Eating Out in Spain

The Spanish are regarded as a passionate, family-oriented and deeply religious people, but did you also know that they are Europe’s foodie fanatics, spending more on food per head than any other nation in Europe?

When you consider how inexpensive it is to eat in Spain, this fact seems even more mind-boggling. Until, that is, you actually experience a true Spanish dining extravaganza for yourself – you’ll soon be hooked and will wonder how you ever managed without your daily dose of Spanish cuisine.

Spaniards’ attitude to food is extremely healthy. They do not obsess over calorie-counting or low-fat options, nor do they suffer from obesity epidemics, making the whole experience of eating in Spain so far-removed from life in the ‘Anglicised’ world that the two are almost polar opposites. That’s not to say that you can’t grab a quick burger in pretty much every town in Spain, but rather the mass-marketing that makes the western world’s questionable diet so ubiquitous everywhere else hasn’t really penetrated Spain. The big chains have tried but, faced with competition from locally produced, fresh, tasty and wholesome dishes in every corner of the country, they’ve admitted defeat.

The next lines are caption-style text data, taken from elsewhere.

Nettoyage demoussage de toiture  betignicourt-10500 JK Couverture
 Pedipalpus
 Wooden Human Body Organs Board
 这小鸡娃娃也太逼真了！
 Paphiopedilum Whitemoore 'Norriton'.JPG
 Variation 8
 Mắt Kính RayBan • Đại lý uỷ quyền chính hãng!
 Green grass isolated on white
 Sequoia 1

Because of this, food in Spain is likely to remain rigidly traditional for many decades to come. Not great news for vegetarians, but in fact, recent years have seen many vegetarian restaurants popping up all around Spain, ensuring that herbivores are catered for almost as equally as their meat-loving amigos.


The Spanish are a very headstrong people so, despite their undoubted love for their own family and friends, they’re also always right. Bars and cafés are always full of Spaniards enjoying an after-work caña or a lunchtime glass of wine, and it’s also not uncommon to see people partaking of a morning sherry or brandy to set them up for the day ahead. Nothing wrong with that you might say, and most Spaniards certainly don’t see anything wrong with it either. It’s part of the lifestyle and it’s the right thing to do, they’ll say.


In terms of attitude towards alcohol, the Spanish appear to have a much more mature relationship with it than many northern Europeans. It’s cheaper, which is perhaps why it’s seen as less of a treat and more of an everyday thing. Spaniards grow up with wine at their table from an early age, so perhaps don’t really feel the urge to go out and get blind drunk at every opportunity.

Still, there’s nothing wrong with enjoying yourself, and the alcohol of Andalucía certainly allows for that. Spanish Rioja is among the most full-bodied of reds there is, and is often served chilled throughout Andalucía, with all classifications (joven, crianza, reserva and gran reserva) fantastically delicious. For a twist, the Spanish sometimes add cola to their red wine to create Calimocho; Fanta or Sprite to create Tinto de Verano, or fruit juices to create the iconic sangria. Sherrys and Manzanillas are also wonderfully crisp and delightful specialities of the region.

Then there’s the beer. San Miguel, Cruzcampo, Mahou, Alhambra – all Spanish, all excellent when chilled by the beach.